- Your assignment
Copy the following data exactly and drop the pictures.

- Records shown
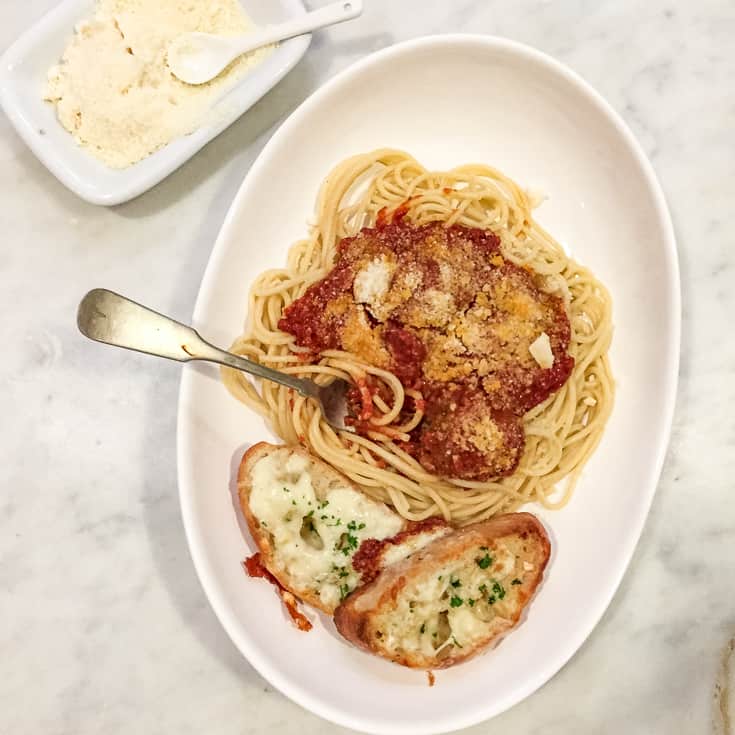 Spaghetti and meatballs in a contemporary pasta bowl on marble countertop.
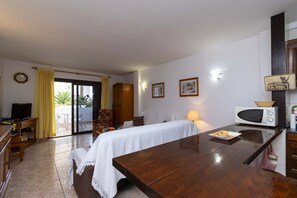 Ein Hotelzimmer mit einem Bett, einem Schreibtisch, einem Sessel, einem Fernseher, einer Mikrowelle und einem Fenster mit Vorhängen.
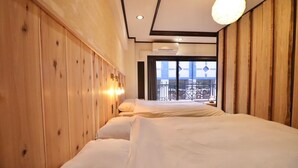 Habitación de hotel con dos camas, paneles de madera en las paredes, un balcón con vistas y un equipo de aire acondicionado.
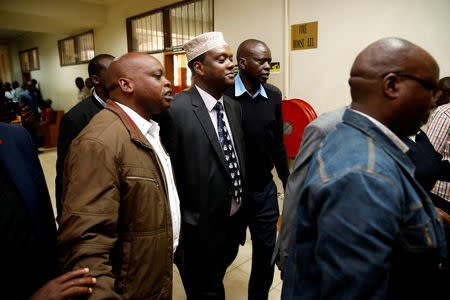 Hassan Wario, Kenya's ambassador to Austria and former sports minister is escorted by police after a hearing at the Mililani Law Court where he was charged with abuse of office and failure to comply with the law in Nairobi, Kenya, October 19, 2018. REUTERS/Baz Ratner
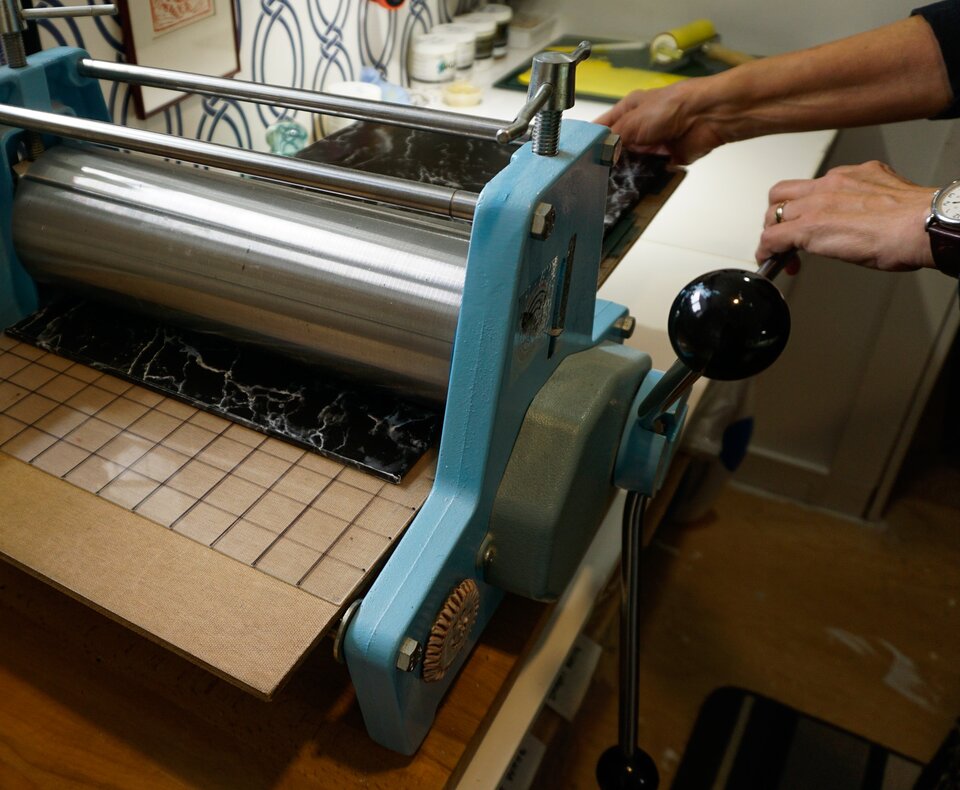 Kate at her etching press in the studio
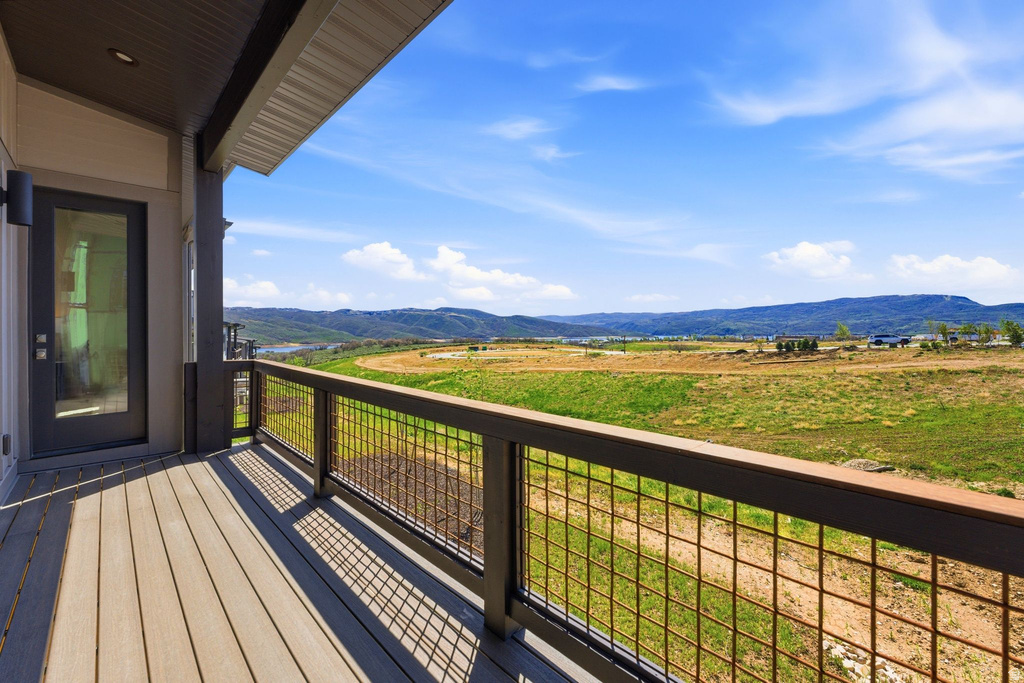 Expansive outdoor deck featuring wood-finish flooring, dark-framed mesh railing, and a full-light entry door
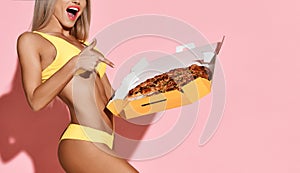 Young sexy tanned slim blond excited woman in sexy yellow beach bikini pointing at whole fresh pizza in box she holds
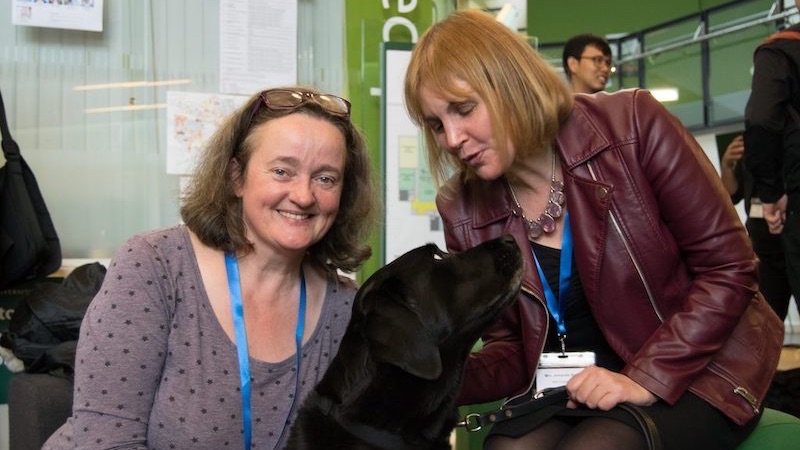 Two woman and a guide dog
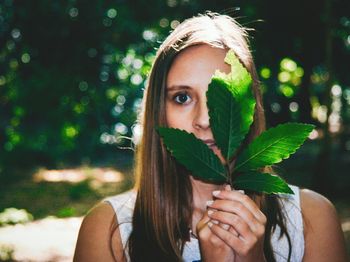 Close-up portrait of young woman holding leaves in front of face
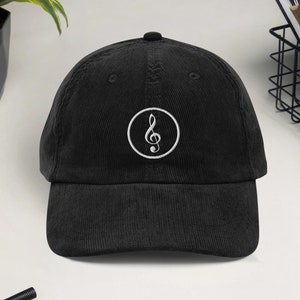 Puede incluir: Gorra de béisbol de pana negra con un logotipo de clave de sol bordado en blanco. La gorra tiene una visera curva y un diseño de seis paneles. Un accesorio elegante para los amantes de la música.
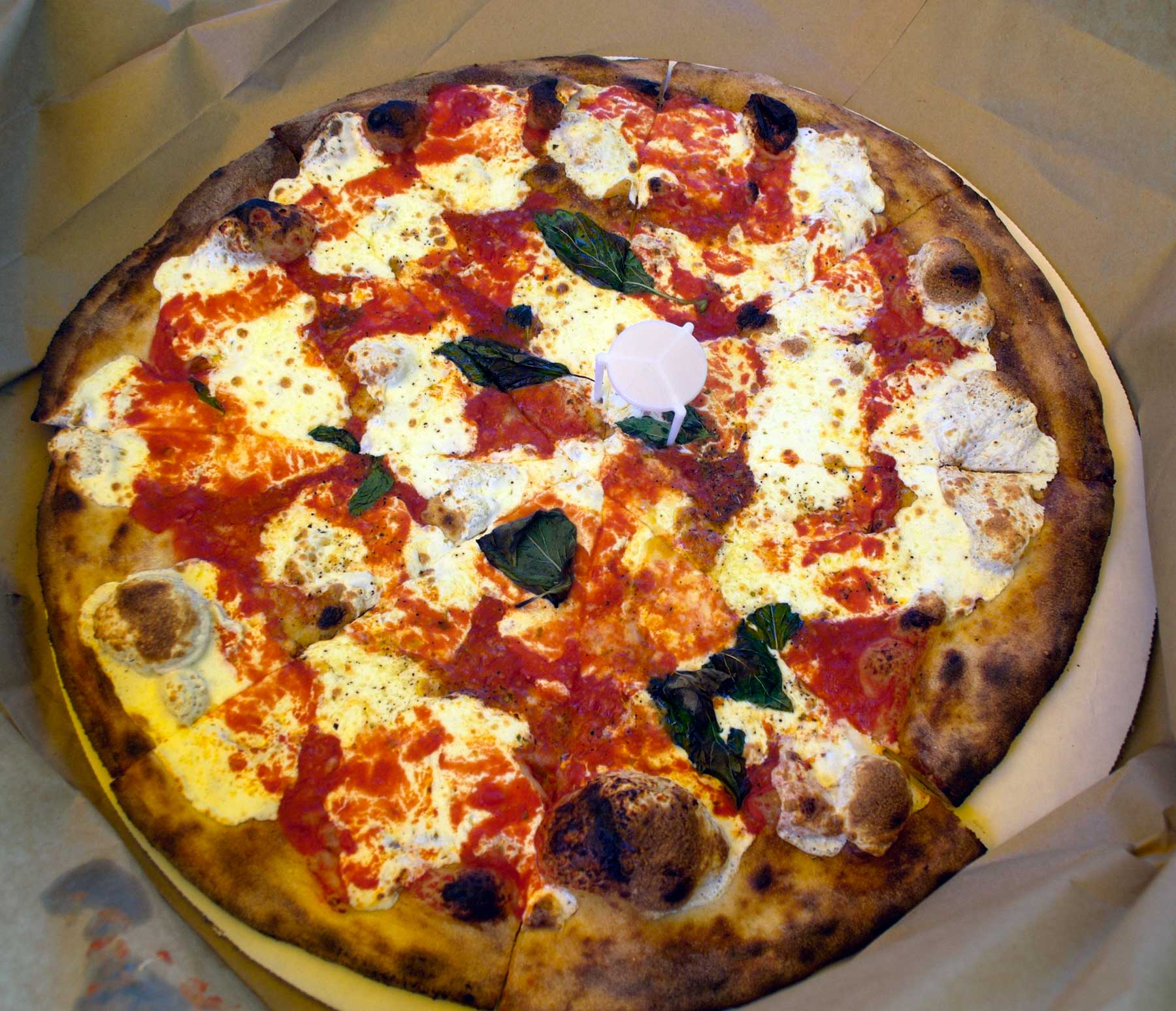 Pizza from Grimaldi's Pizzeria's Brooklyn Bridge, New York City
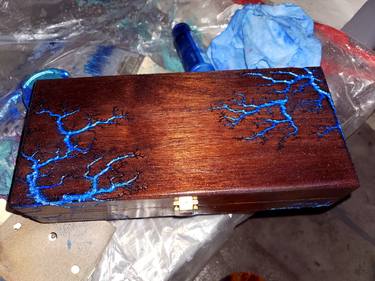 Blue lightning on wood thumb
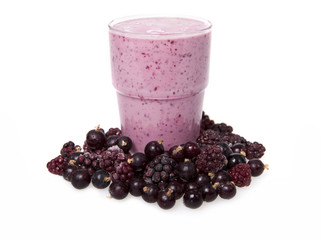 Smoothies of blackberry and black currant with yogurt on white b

- Exercise response
 Spaghetti and meatballs in a contemporary pasta bowl on marble countertop.
 Ein Hotelzimmer mit einem Bett, einem Schreibtisch, einem Sessel, einem Fernseher, einer Mikrowelle und einem Fenster mit Vorhängen.
 Habitación de hotel con dos camas, paneles de madera en las paredes, un balcón con vistas y un equipo de aire acondicionado.
 Hassan Wario, Kenya's ambassador to Austria and former sports minister is escorted by police after a hearing at the Mililani Law Court where he was charged with abuse of office and failure to comply with the law in Nairobi, Kenya, October 19, 2018. REUTERS/Baz Ratner
 Kate at her etching press in the studio
 Expansive outdoor deck featuring wood-finish flooring, dark-framed mesh railing, and a full-light entry door
 Young sexy tanned slim blond excited woman in sexy yellow beach bikini pointing at whole fresh pizza in box she holds
 Two woman and a guide dog
 Close-up portrait of young woman holding leaves in front of face
 Puede incluir: Gorra de béisbol de pana negra con un logotipo de clave de sol bordado en blanco. La gorra tiene una visera curva y un diseño de seis paneles. Un accesorio elegante para los amantes de la música.
 Pizza from Grimaldi's Pizzeria's Brooklyn Bridge, New York City
 Blue lightning on wood thumb
 Smoothies of blackberry and black currant with yogurt on white b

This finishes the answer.